As an article in the Guardian rightly states, the Football Manager video game has become something of a national obsession. First appearing on the PC under the guise of Championship Manager in 1992, the game is now so popular that you’ll find many dedicated forums where fans share tips for playing Football Manager 18 and discuss tactics and bargain youth players at length.
Despite this, Football Manager remains an enigma to many outside observers and the bane of many wives’ and girlfriends’ lives. So just what is so special about the Football Manager series?
Authenticity
Before Championship Manager, football management video games were pretty simple.

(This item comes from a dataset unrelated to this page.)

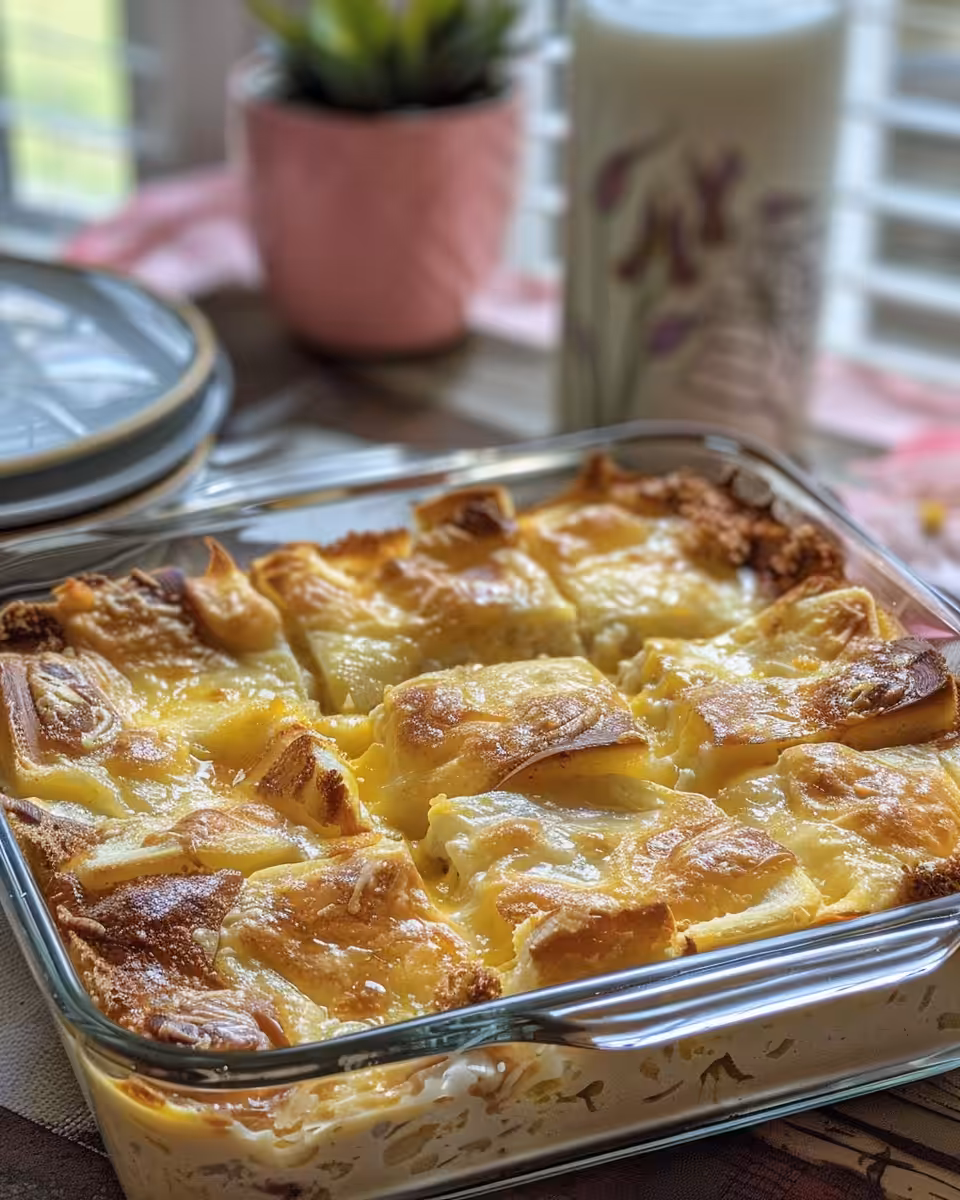 Key ingredients of Monte Cristo breakfast casserole including bread and cheese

The likes of Kenny Dalglish Soccer Manager on the Commodore 64/ZX Spectrum and Football Manager (1982 series) on the PC allowed you to buy and sell players, as well as change formations. The shareware MS-DOS game 1-0 (released around the same time as Championship Manager) was a step up, but not on the same level as what is now the best – and most popular – game of its kind.

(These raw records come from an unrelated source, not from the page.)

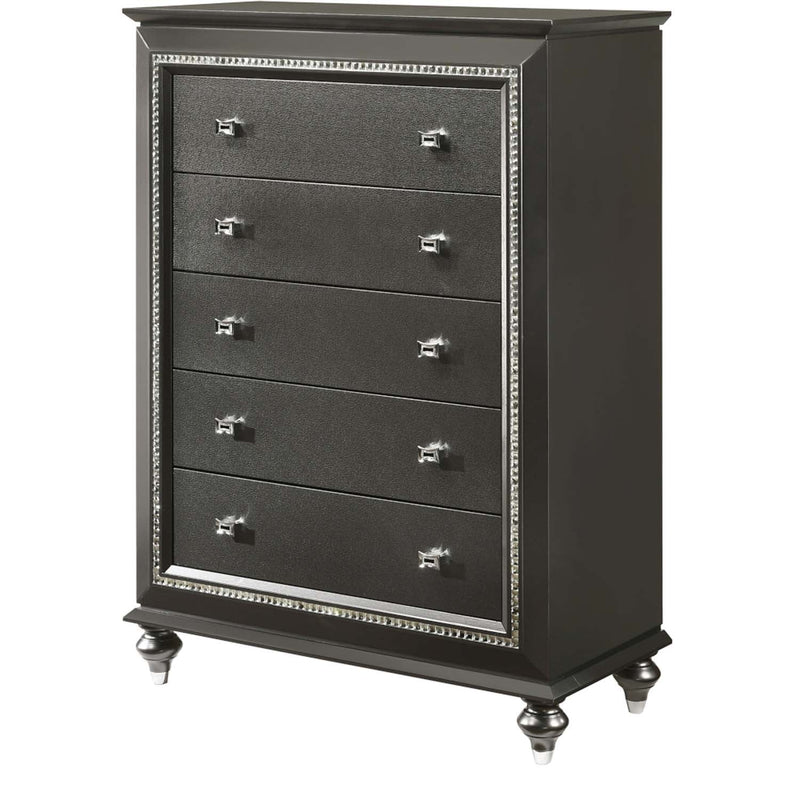Kaitlyn 5 Storage Drawers Chest, Metallic Gray Finish Acme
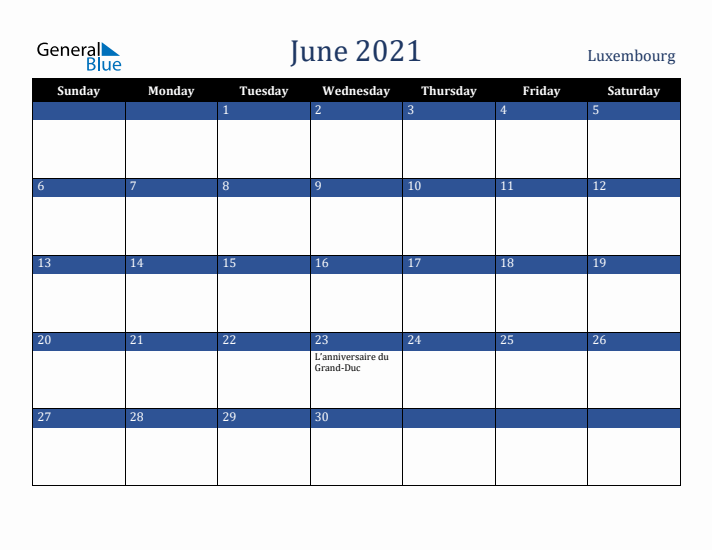 June 2021 Luxembourg Calendar (Sunday Start)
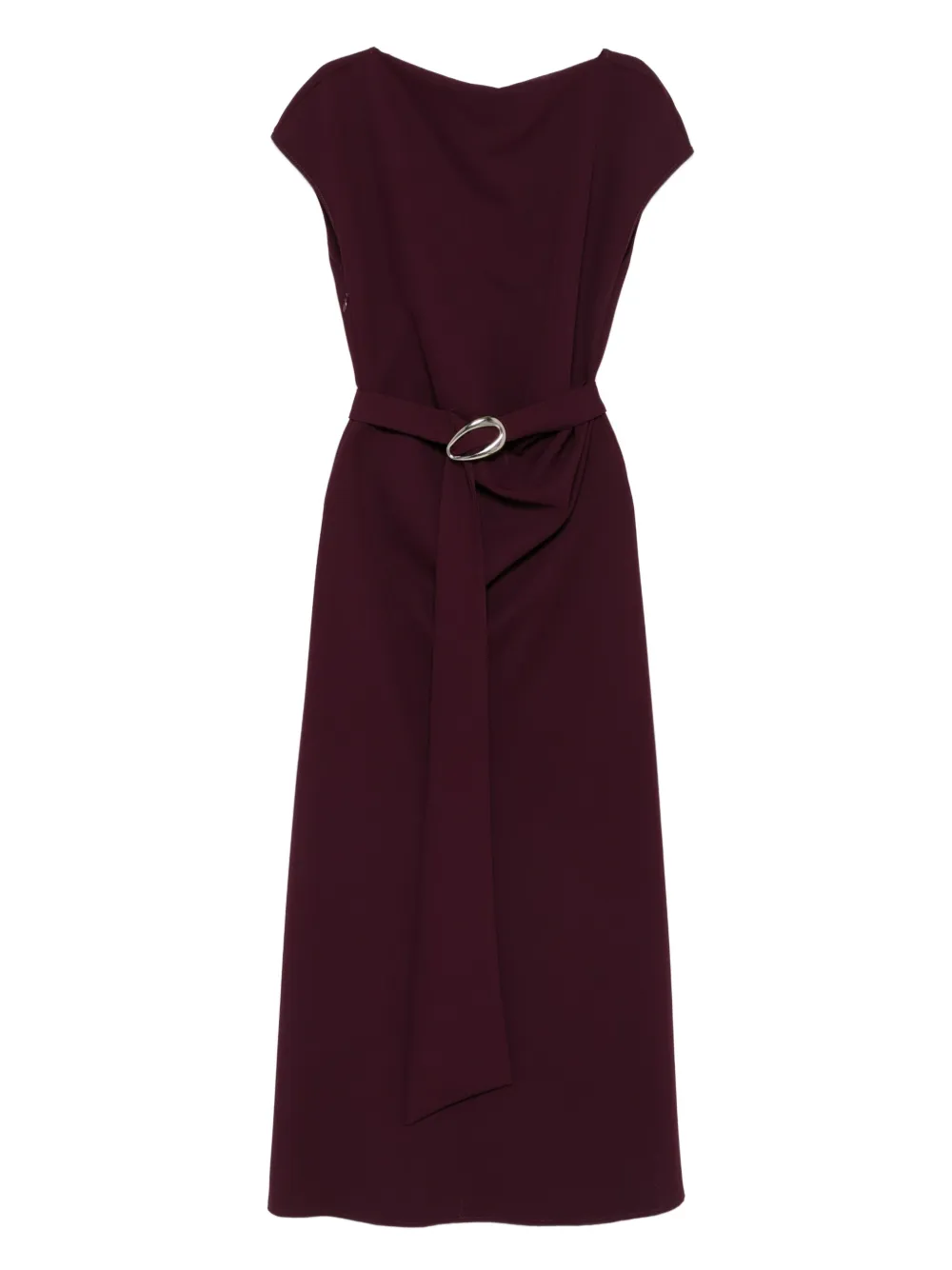 IMPERIAL belted cap-sleeves midi day dress | Red | Image 1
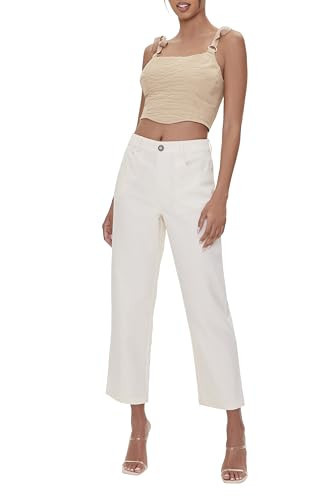 Forever 21 Ankle-Cut Canvas Pants Cream Small | Amazon (US)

In those older games, you also had to deal with injuries and other common worries for any real manager. However, the game was relatively easy to play and it didn’t take much skill or knowledge of the inner workings of the game to succeed.
For example, I remember playing Kenny Dalglish as a 10-year-old and finding it easy to get Halifax Town from the fourth division to the first division in no time at all. As long as you bought in players with high overall skill ratings, tactics didn’t really matter.
Championship Manager was – and Football Manager is – a different kettle of fish. To be good at the game, you need a strong grasp of tactics and have to deal with the day-to-day running of the club in minute detail.
Such is the level of detail that you’re not just a coach, but the decision-maker in pretty much every move the club makes. Your goal is to achieve whatever your club’s board set out at the start of the season. As in real life, if you join a small club, your goal may just be to avoid relegation or finish in the top half of the league table. If you join a large club, then your goal may be to win a European trophy.
Addictiveness
Football Manager has been cited as a reason for relationship breakdowns, while others admit to taking days of work just to play the game.
The level of detail is arguably what makes Football Manager so immersive. It offers a window a world of glamour and riches away from players’ otherwise normal lives.
Football Manager is also very accurate. Former Rangers manager Alex McLeish says that he tried to sign Lionel Messi on loan as a 17-year-old on the strength of his Football Manager-playing son’s recommendation.
Some players, such as Cherno Samba, don’t reach the real-life heights of their virtual counterparts. However, the Messi story highlights the astonishing detail in the facts and stats. This level of accuracy surely adds to the level of escapism its fans find in the game.